Experimental non-alcoholic fatty liver disease results in decreased hepatic uptake transporter expression and function in rats

Abstract

Non-alcoholic fatty liver disease (NAFLD) encompasses a spectrum of diagnoses ranging from simple fatty liver (SFL), to non-alcoholic steatohepatitis (NASH). This study aimed to determine the effect of moderate and severe NAFLD on hepatic transporter expression and function in vivo. Rats were fed a high-fat diet (SFL model) or a methionine-choline-deficient diet (NASH model) for eight weeks. Hepatic uptake transporter function was determined by bromosulfophthalein (BSP) disposition. Transporter expression was determined by branched DNA signal amplification assay and western blotting; inflammation was identified by immunostaining of liver slices for interleukin 1 beta (IL-1beta). MC- rats showed significant retention of BSP in the plasma when compared to control rats. Hepatic NTCP, OATP1a1, 1a4, 1b2 and 2b1; and OAT 2 and 3 mRNA levels were significantly decreased in high-fat and MC- diet rats when compared to control. Protein expression of OATP1a1 was significantly decreased in high-fat animals, while OATP1a1 and OATP1b2 expressions were significantly lower in MC- rats when compared to control. Liver tissue from high-fat and MC- rats stained positive for IL-1beta, a pro-inflammatory cytokine known to decrease expression of NTCP, OATP and OAT transporters, suggesting a plausible mechanism for the observed transporter alterations. These data suggest that different stages of NAFLD result in altered hepatic uptake transporter expression that can lead to a functional impairment of xenobiotic uptake from the blood. Furthermore, NAFLD may alter the plasma retention time of clinically relevant drugs that are reliant on these transporters and may increase the potential drug toxicity.

Fig. 1. Liver histology

5 µm sections of normal, low-fat isocaloric, high-fat, MC+ and MC- diet livers were stained with hematoxylin and eosin. Images were generated using a standard light microscope at 20x magnification. Arrows indicate mild bridging fibrosis. Circle denotes inflammatory foci.

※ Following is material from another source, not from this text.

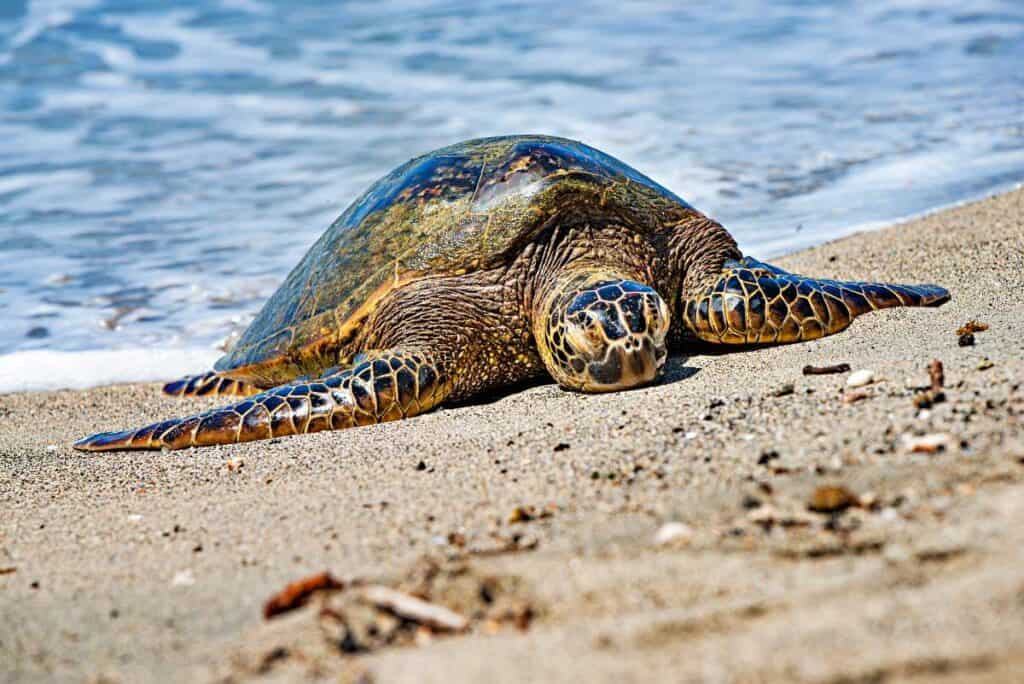 Hawaiian green sea turtle or honu on the beach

Fig. 2. BSP disposition in low-fat isocaloric, high-fat, MC+ and MC- rats

Animals were administered BSP (100 mg/kg, ip) and plasma and biliary BSP concentrations were determined over 1 h. BSP concentration was determined by light absorbance at 580 nm. BSP concentrations are expressed as mg/100 ml plasma and mg/ml bile ± standard error of mean, respectively. Bile flow is expressed as µl/min/kg. Asterisks indicate significance from MC+ control diet rats, while daggers indicate significant difference from normal diet rats (P < 0.05).

Fig. 3. Plasma chemistry

Plasma concentrations of alkaline phoshatase (ALP), alanine amino-transferase (ALT), glucose and cholesterol, were determined in control, high-fat and MC- rats. ALP and ALT levels expressed as U/L ± standard error of mean. Glucose and cholesterol levels expressed as mg/dL ± standard error of mean. Asterisk indicates significant difference from control (P < 0.05).

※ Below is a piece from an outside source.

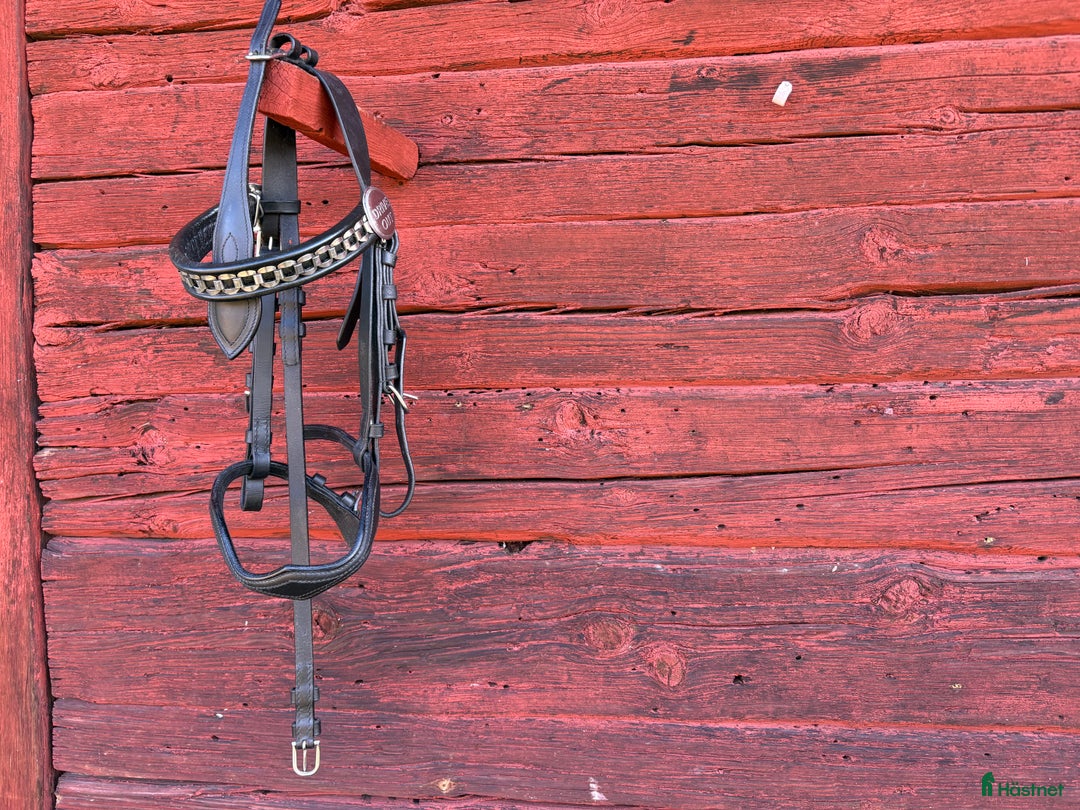 Övrig Körutrustning körning till salu: Körhuvudlag ponny i Vikbolandet - Annons 1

Fig. 4. Hepatic mRNA levels of OAT, OCT and NTCP uptake transporters

Total hepatic RNA from control, high-fat and MC- livers was analyzed for OAT, OCT and NTCP mRNA levels by branched DNA assay. Data is expressed as relative light units (RLU) ± standard error of mean. Asterisk indicates significant difference from control livers (P < 0.05).

Fig. 5. Hepatic mRNA levels of OATP uptake transporters

Total hepatic RNA from control, high-fat and MC- livers was analyzed for OATP mRNA levels by branched DNA assay. Data expressed as relative light units (RLU) ± standard error of mean. Asterisk indicates significant difference from control (P < 0.05).

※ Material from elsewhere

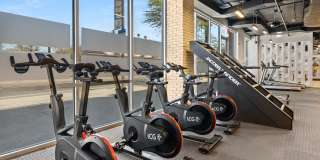 The Access Gallery 4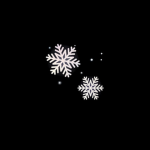 Snowy Walks At Night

Fig. 6. Hepatic protein levels of hepatic OATP1a1, 1a4, 1b2, Mrp2 and GAPDH

30 µg of control, high-fat and MC- liver whole cell lysate protein was added to each well and resolved using SDS-PAGE. Antibodies specific for rat OATP1a1, 1a4, 1b2, Mrp2 and GAPDH were used to determine protein expression levels of each diet group. Graphs indicate relative protein expression normalized to respective GAPDH expression as determined by densitometry. Asterisks indicates significant difference from control rats and dagger indicates significant difference from high-fat rats (P < 0.05)

Fig. 7. Hepatic glutathione concentrations in control, high-fat and MC- rats

Hepatic glutathione (GSH) levels were determined using an enzymatic method for quantification of total GSH. GSH levels are expressed as µM GSH/ gram liver tissue (wet weight).

Fig. 8. Immunohistochemical staining of hepatic IL-1β

Immunohistochemical staining was performed on paraffin sections of control, high-fat and MC- livers. Tissues were counterstained with hematoxylin and images of each group were taken at 20x and 40x magnification.